** Description of the task **
Pictures are to be omitted. Output only the lines from the one containing "120kg LP73-69F Brateck" through the end of the data, word for word.

** Extracted data **
---

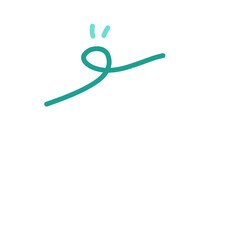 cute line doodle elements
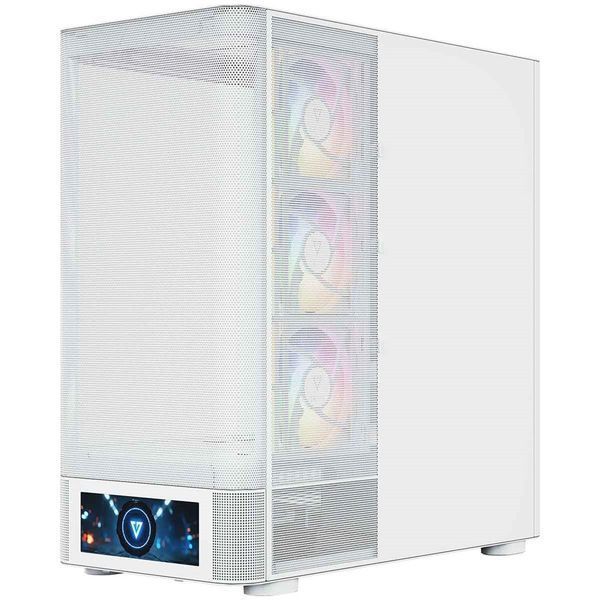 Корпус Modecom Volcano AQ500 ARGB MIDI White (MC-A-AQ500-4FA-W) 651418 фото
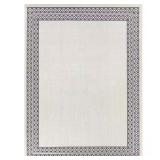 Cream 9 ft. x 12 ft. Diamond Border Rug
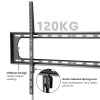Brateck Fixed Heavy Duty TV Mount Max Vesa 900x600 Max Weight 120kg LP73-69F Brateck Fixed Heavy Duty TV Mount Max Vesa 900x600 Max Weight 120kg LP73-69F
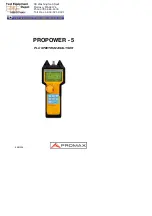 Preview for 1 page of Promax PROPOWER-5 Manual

---

** Exercise response **
Brateck Fixed Heavy Duty TV Mount Max Vesa 900x600 Max Weight 120kg LP73-69F Brateck Fixed Heavy Duty TV Mount Max Vesa 900x600 Max Weight 120kg LP73-69F
 Preview for 1 page of Promax PROPOWER-5 Manual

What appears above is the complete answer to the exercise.